EXERCISE DATA:
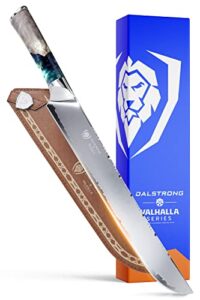 dalstrong slicing & carving knife - 12 inch - valhalla series - 9cr18mov hc steel - celestial resin & wood handle - razor sharp kitchen knife - w/leather sheath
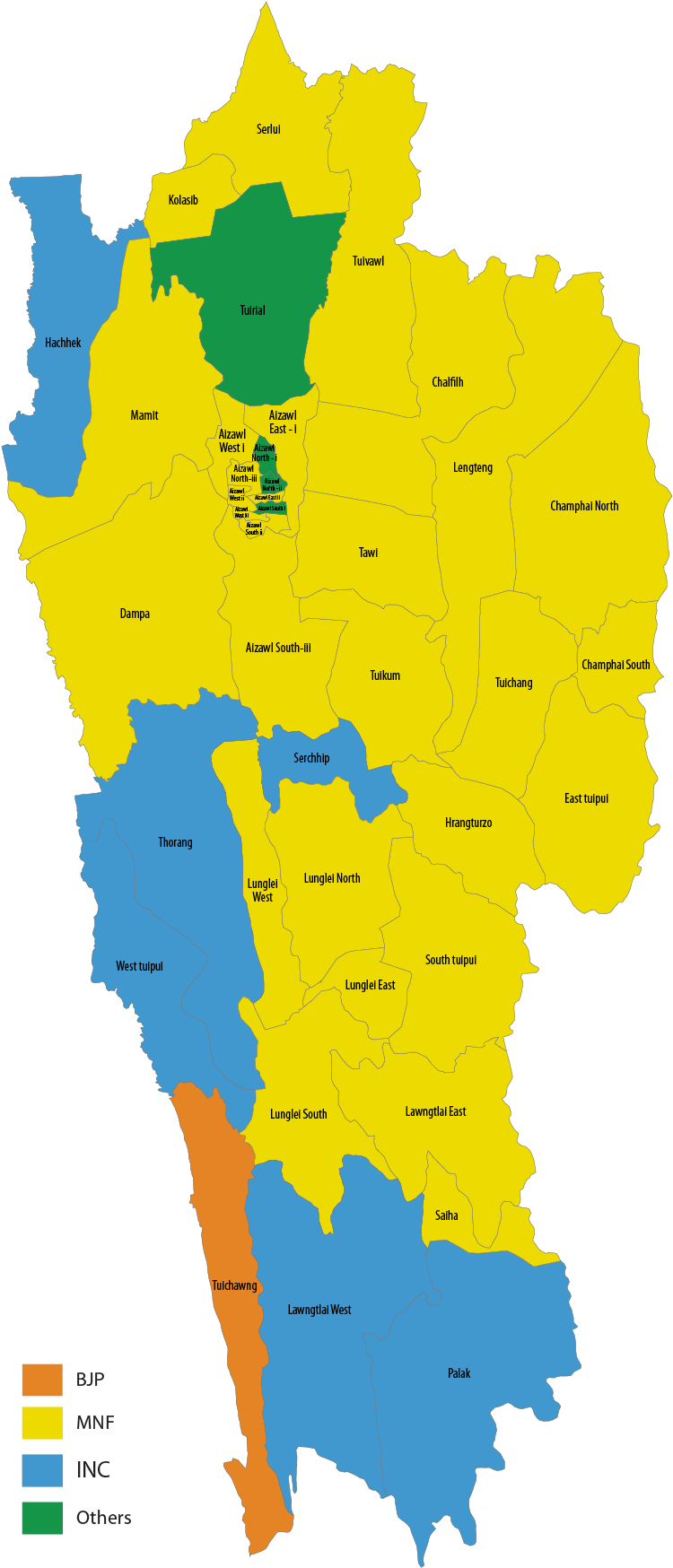 40/40 - Mizoram Election Result Map (800x1800), Png Download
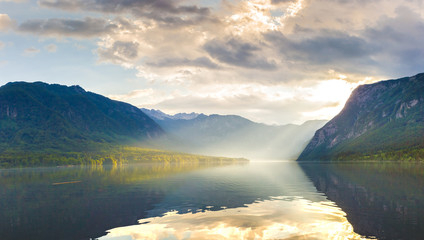Sunset on the lake Bohinj. Slovenia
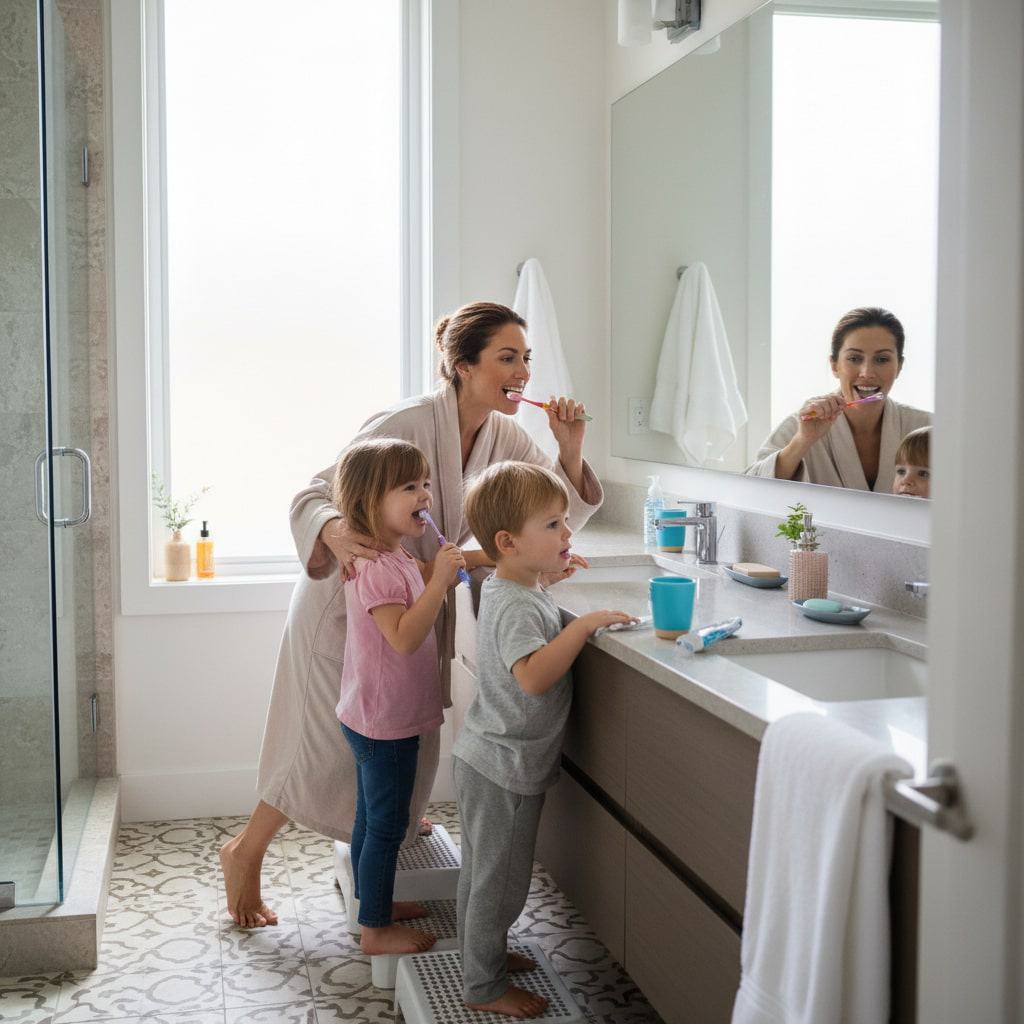 Bright family at Heritage Dental Centre brushing teeth in a modern bathroom, emphasizing dental health, family dentistry, and oral hygiene services in Edmonton.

WHAT TO WORK ON: Please return the listing above exactly and leave every picture out.

EXPECTED OUTPUT:
 dalstrong slicing & carving knife - 12 inch - valhalla series - 9cr18mov hc steel - celestial resin & wood handle - razor sharp kitchen knife - w/leather sheath
 40/40 - Mizoram Election Result Map (800x1800), Png Download
Sunset on the lake Bohinj. Slovenia
 Bright family at Heritage Dental Centre brushing teeth in a modern bathroom, emphasizing dental health, family dentistry, and oral hygiene services in Edmonton.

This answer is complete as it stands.